El 'conseller' irascible
Las cosas ruedan raritas para el titular de la Consellería de Bienestar Social, Trabajo y Asuntos Sociales, o lo que quiera que sea la parcela de poder que ahora le ocupa, así que su ánimo oscila entre el nerviosismo de entrecejo y la crispación. Pero es entonces cuando este tornado de la política -del frente revolucionario antifascista y patriota, nada menos, a admirador de Fraga Iribarne en cosa de pocas legislaturas- debería hacer gala de las bellas artes que le distinguen en lugar de embroncarse en los pasillos de las Cortes, mandar de espías a sus esbirros y tildar de gilipollas a una diputada en sesión parlamentaria. No está nada mal para quien ha de mirar también por las mujeres maltratadas. Más le convendría observar el sosiego de Gene Hackman en La conversación, justo cuando Coppola andaba preparando la primera parte de El Padrino.
Lo que ha cambiado
¿Qué otra cosa que una bendición histórica para lo que queda de la izquierda es la política de la derecha española desde que obtuvo en las urnas la mayoría absoluta? Más que de las derrotas propias, se aprende de la administración de la victoria a manos del adversario. Una derecha que parecía asumir para siempre y por contagio irreversible los hallazgos mayores de las conquistas democráticas se revela en pocos meses con el careto cejijunto, las risotadas cuarteleras a destiempo, el estado de sitio permanente que sataniza el descontento general en favor de la temible pujanza de las cementeras. Pasemos de himnos, banderas y demás alegrías de cantina. La derecha es la derecha, y Aznar un profeta menor que tampoco supo poner orden en lo que queda de sus tropas. Es la hora dulce de plasmar la insatisfacción latente en otra cosa.
Un peñazo goloso
El candidato de apellido Camps, que recuerda vagamente a un violinista o chellista del mismo apellido y de mucha fama en su tiempo, con el que ignoro si Paco está familiarizado, ha empezado su calvario con un diseño de gestos simbólicos, a los que no era demasiado dado su antecesor en el cargo.
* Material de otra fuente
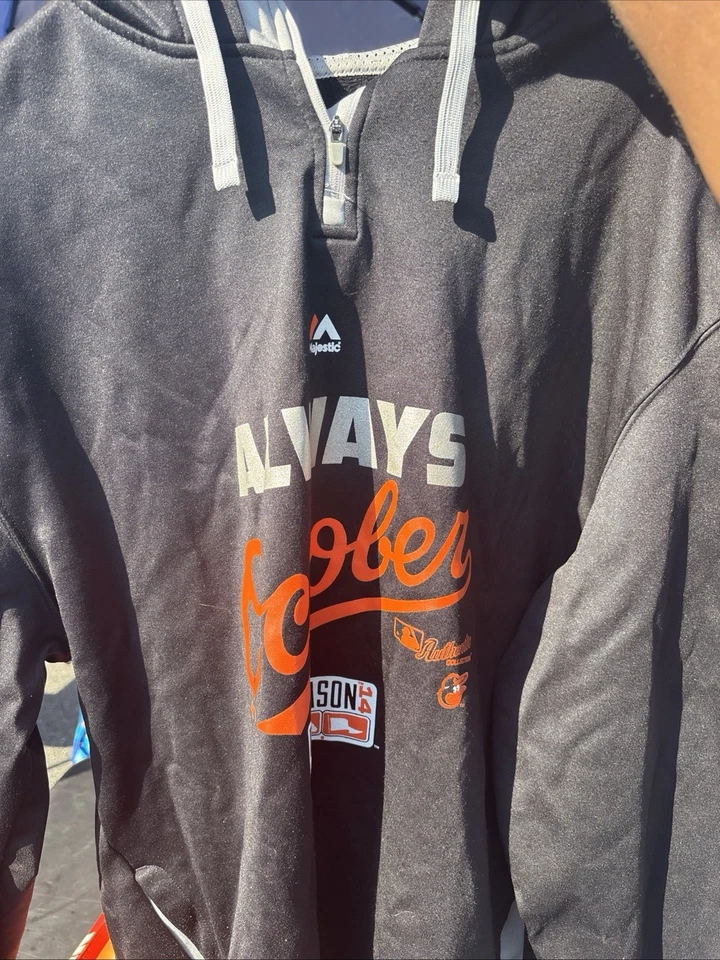 Moletom com capuz Majestic Baltimore Orioles Always outubro pós-temporada 2014 playoffs GG - Imagem 1 de 1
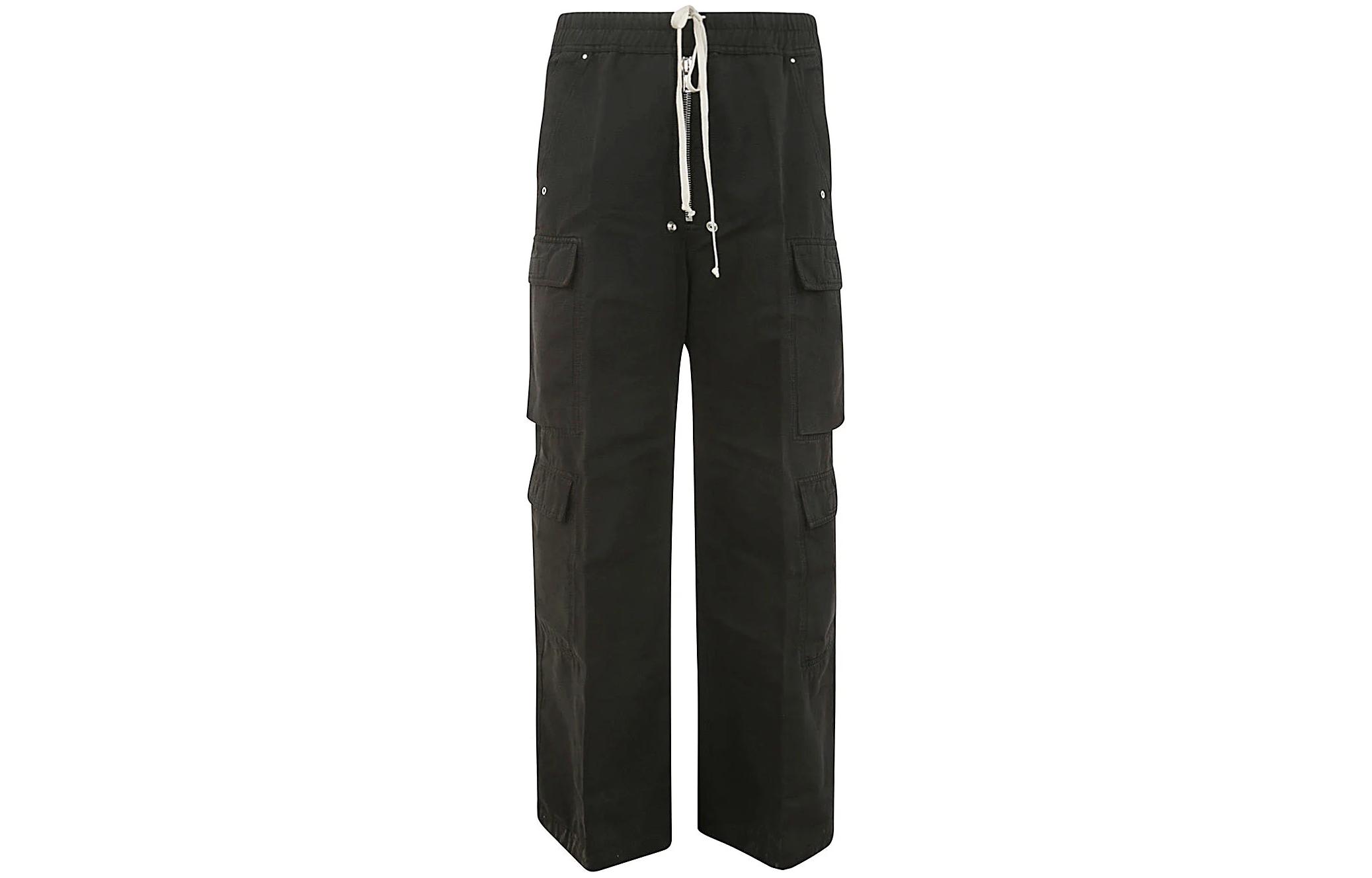RICK OWENS  Black Straight-Leg Work Pants with Metallic Detailing. DU01D1398CB-09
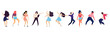 © Firangiz - Crowd of young people dancing at club. Big set of characters having fun at party. Flat colorful vector illustration.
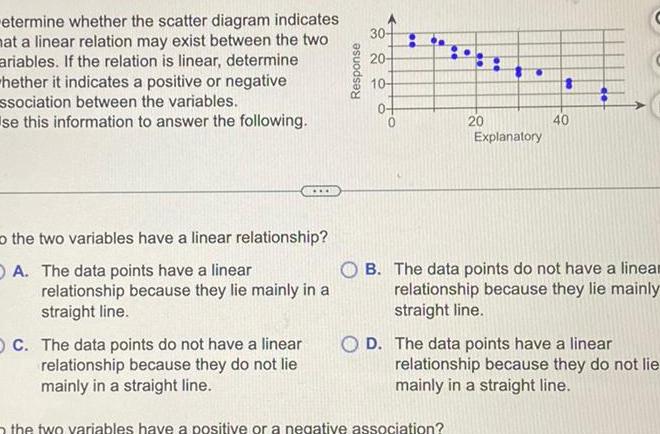 etermine whether the scatter diagram indicates mat a linear relation may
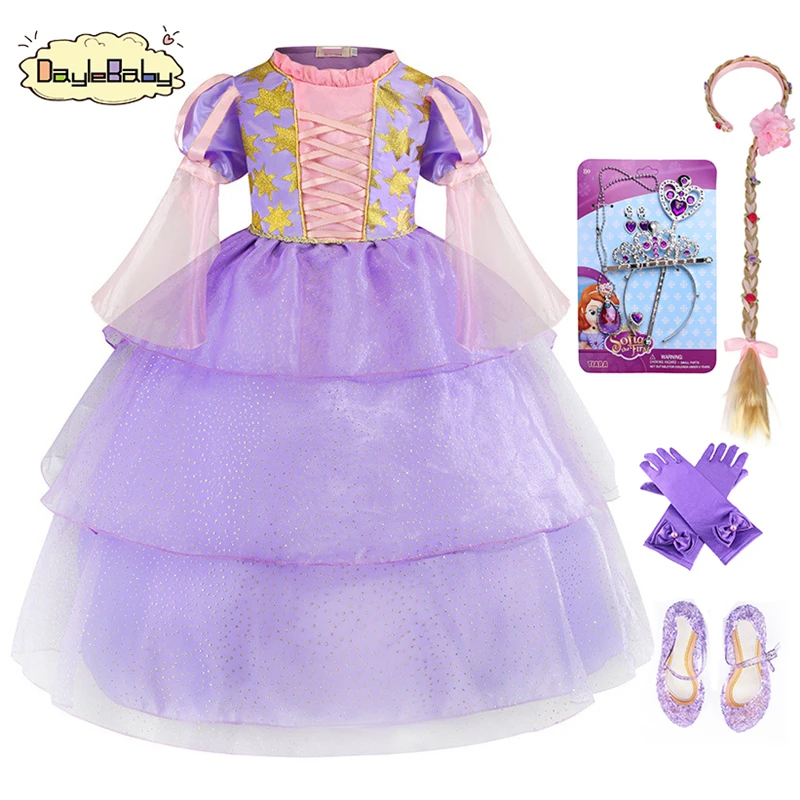 Платье Рапунцель классический реквизит костюм принцессы сияющее сердце сильный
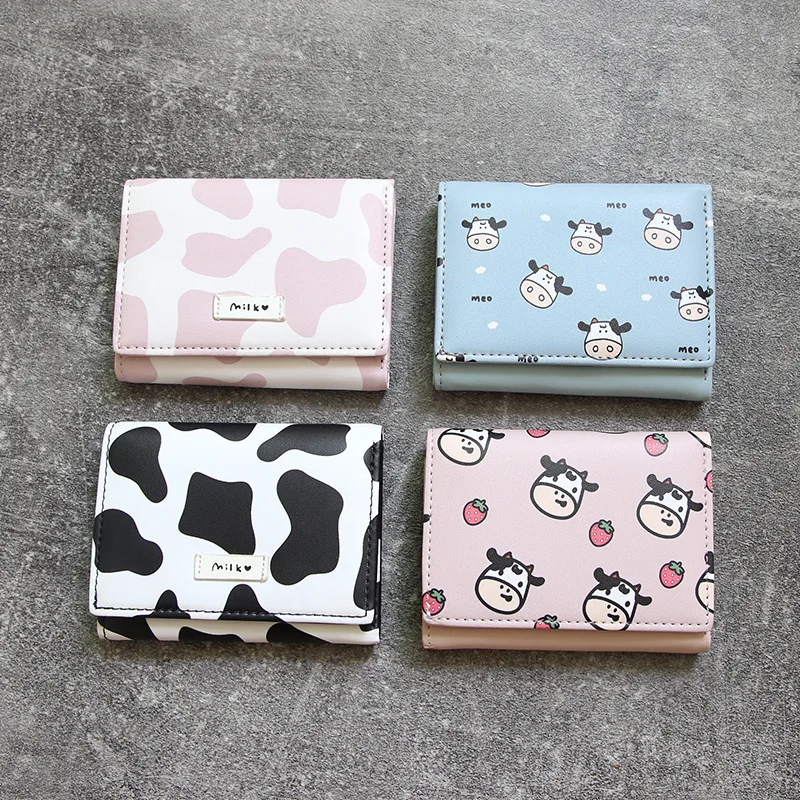 

Cow Pattern Short Wallets Women Multi-card Slot Small Coin Purse Ladies Mini Wallet Tri-fold Cartoon Card Holder Girl Gift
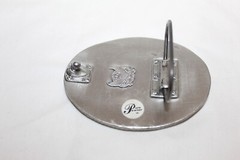 Vintage Great American Products Flying Eagle Pewter Belt Buckle Black Enamel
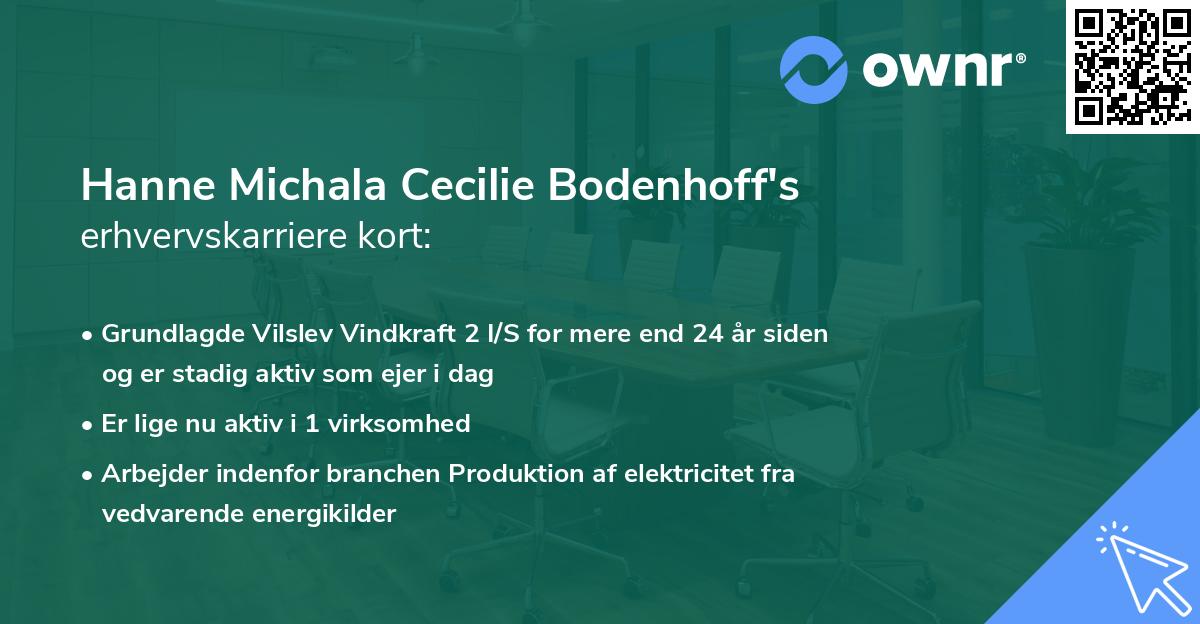 Hanne Michala Cecilie Bodenhoff's erhvervskarriere kort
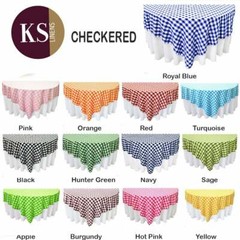 Tablecloth Square Checkered for Wedding, Party Rental, variety sizes & colors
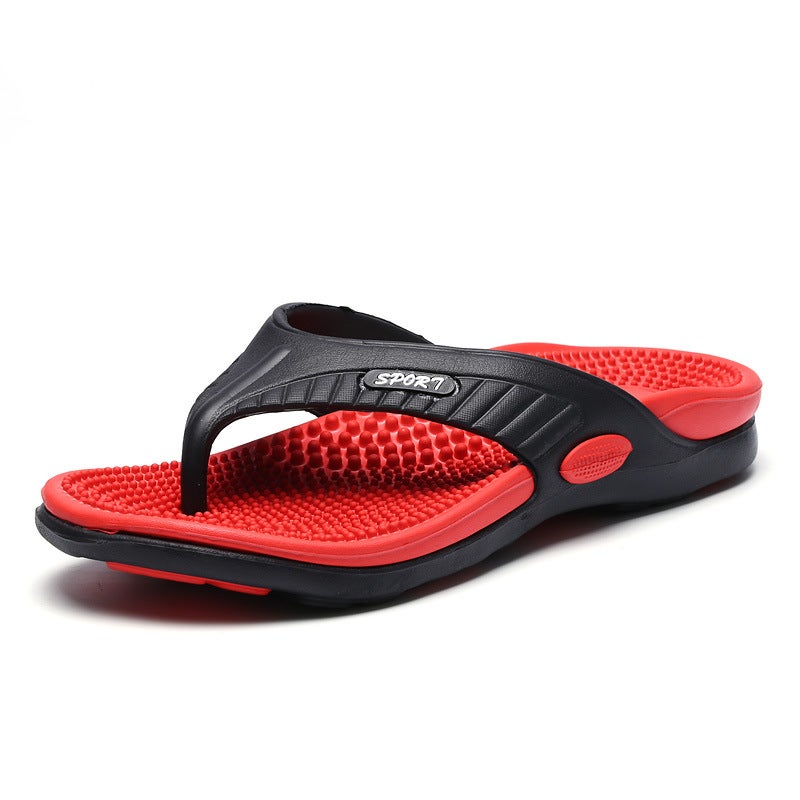 Men'S Flip-Flops Massage Bottom Color Matching Large Size Beach Slippers Outdoor Leisure Flip-Flops Lightweight - Image 5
Parece que como a Viriato, o como a Pelayo, que más dará, le mola a este chico (que parece encerrado en el estupor de la burbuja final de 2001, una odisea del espacio) el recorrido por las cumbres desde las que iniciará el asalto final a las ciudades, un tanto también, por qué no decirlo, a la manera de un Ché Guevara bien trajeado. ¿Y si el candidato nos saliera maoísta sin saberlo en su empeño de tomar las ciudades a partir de las sierras circundantes? ¿Y si fuera un preterido descendiente del Dalai Lama? ¿Y si acaba compartiendo con Jordi Pujol la devoción escarpada por la Moreneta de Montserrat?
Harold Pinter
La buena noticia es que Espai Moma (para otro día el pleno de sus subvenciones en un contexto escénico cada vez más empobrecido) dedica el grueso de su temporada al rescate de una figura tan notable -y tan british- como Harold Pinter, que enloqueció lo bastante en su juventud montando obras de Beckett como para convertirse en un gran escritor, con una de las producciones textuales más asombrosas del siglo recién pasado. Basta con ver The Go-Between (el que está entre esto y aquello, el que hace de corre-ve-y-dile, guión del filme de Joseph Losey que aquí se llamó El mensajero), para comprender hasta dónde un pesado fardo de palabras de un pasado indeseado nos dignifica, nos miserabiliza o se repite como el ajo. Los misterios de la conducta humana explorados con palabras que la apoyan, la desmienten, la desdeñan, la temen o la ignoran. Una pulsión invocativa más fascinante que Gran Hermano.